The Pololu Trail is a short but challenging hike, a hike with a lot of beauty but one that doesn’t require a significant time investment, making it a good choice for those looking to pack a lot during a trip to the Big Island’s North Shore.

This Big Island hiking trail is in fact located along one of the island’s northernmost stretches. You will want to take Highway 270 just about all the way to its end at the Pololu Valley. Here, you will find a fantastic overlook and signs pointing to the Pololu Trail, also referred to as the Pololu Valley Trail.

The Pololu Trail is just .45 miles in length, for a full 0.9 miles out and back distance. But don’t think that this is an easy mile trail. You will experience an impressive 344 foot elevation gain across its short length, which translates to some pretty steep areas of the trail and most will find this to be a moderately difficult hiking path. You will want appropriate hiking boots for this one.

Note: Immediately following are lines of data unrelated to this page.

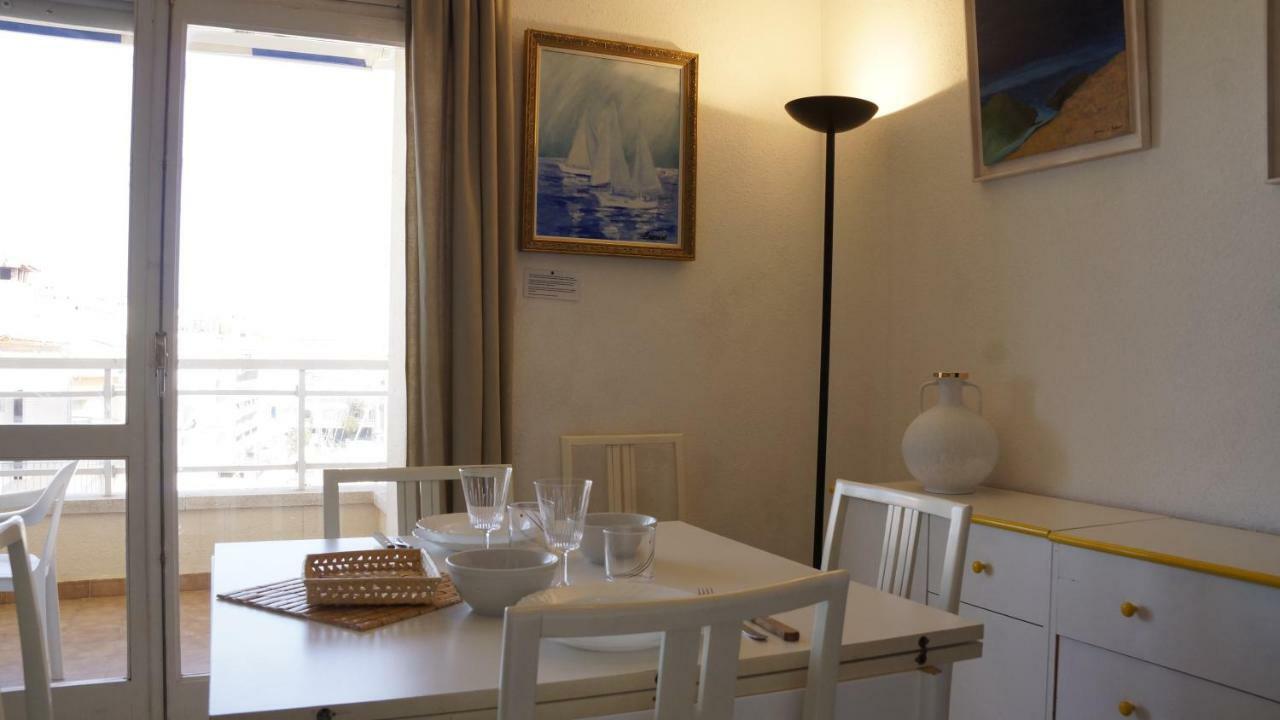 Nautic Empuriabrava Apartamento Castellón de Ampurias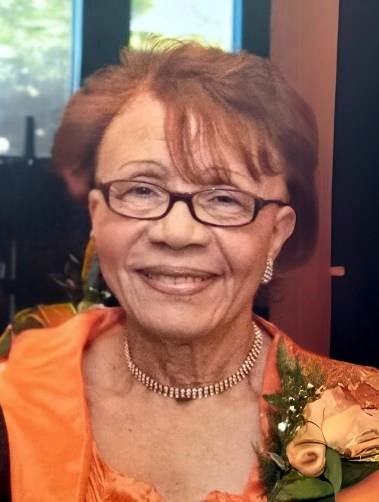 Obituary of Edna Louise Campbell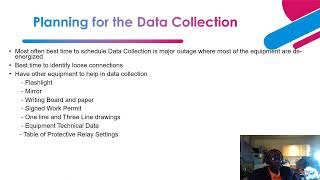 Gathering of Data for Arc Flash Studies and Interpretation of the Results (For Utility, Oil and Gas)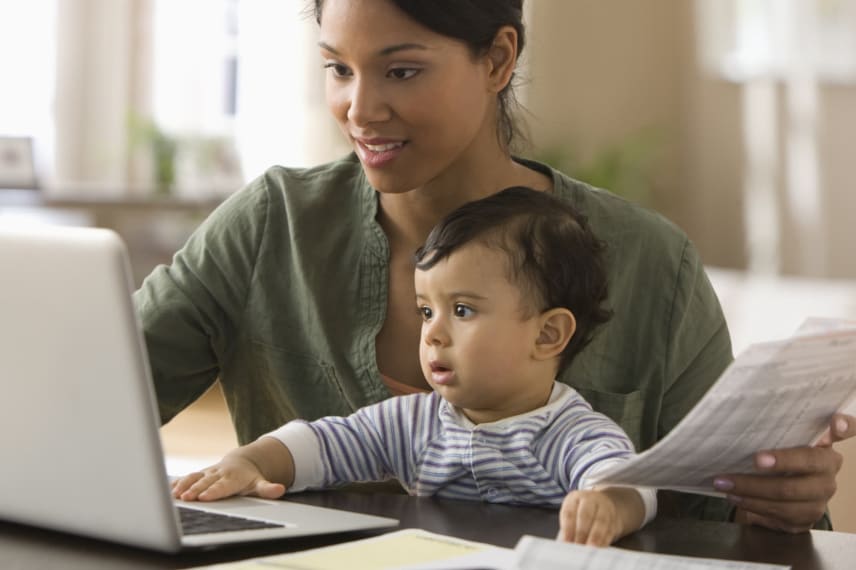 Online Budgeting Apps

The first part of the trail is the most strenuous part of the trail. You will begin at a lookout point on the coast that overlooks the Pololu Valley and beaches, and the trail goes down into that valley and across those beaches. This initial decline is steep but so long as you take your time, it is not overtly strenuous. Most people will complete the entirety of the trail, going out to come back in, within 40 minutes… if they don’t linger at the beaches or elsewhere en route.

During the descent, stay aware of loose rocks. This trail is a hodge podge of ancient cobblestones, packed clay, and broken lava rocks. After rainfall, all of these mix together to make a slick and muddy route. Most will find going down trickier than going up due to this path’s unique condition. A good walking stick goes a long way in mitigating this. While you will want to keep an eye on your footing, make sure to pause and enjoy the sweeping vistas here. This part of the trail has wonderful open views of the surrounding landscapes, making it an ideal place to really get a good sense of the area and all of its beauty.

And the beauty just keeps coming. Once you’ve made your way down the slick cliff-like route, you will find yourself on a gorgeous black sand beach. This beach is tucked away from the more urbanized and commercialized parts of Hawaii. Here, you can stand atop fine grain black sands and enjoy being surrounded by lush green hills and the crashing waves of the Pacific Ocean. 

Yes, you can swim at the beach at the end of the Pololu Trail, but it is not really safe. The smashing waves, no lifeguard, limited cell service, and common rip currents make swimming here generally dangerous. There is a small pond that leads into the ocean which is good for wading. 

The best seasons to take the Pololu Trail are spring and fall. The heat here can get really bad as so much of the trail is open, although there are shaded areas along the valley that the Pololu Trail runs beside (bringing ample water any time you is highly recommended). Meanwhile, heavy winter storms can make the lower part of the route more dangerous with high surf conditions and heighten risk of flash flooding. 

The best time of the day to take the Pololu Trail is in the earliest dawn hours. Enjoy slowly ambling down the trail while the colors of the sky change as the sun softly rises above the horizon. Then, once you get down to the valley floor, you will have beat the big lunch hour rushes of crowds and get to enjoy a peaceful beach in the more temperate morning hours. 

You are likely to notice some campsites within the Pololu Valley and along the trail, but camping here requires very specific and special permitting that is generally not available to the public. 

Insider Tip:
Note, there are no bathrooms at the trailhead nor on the beach. You can find the closest, best public toilets at Kamehameha Statue (North Kohala Civic Center) in the nearby town of Kapau.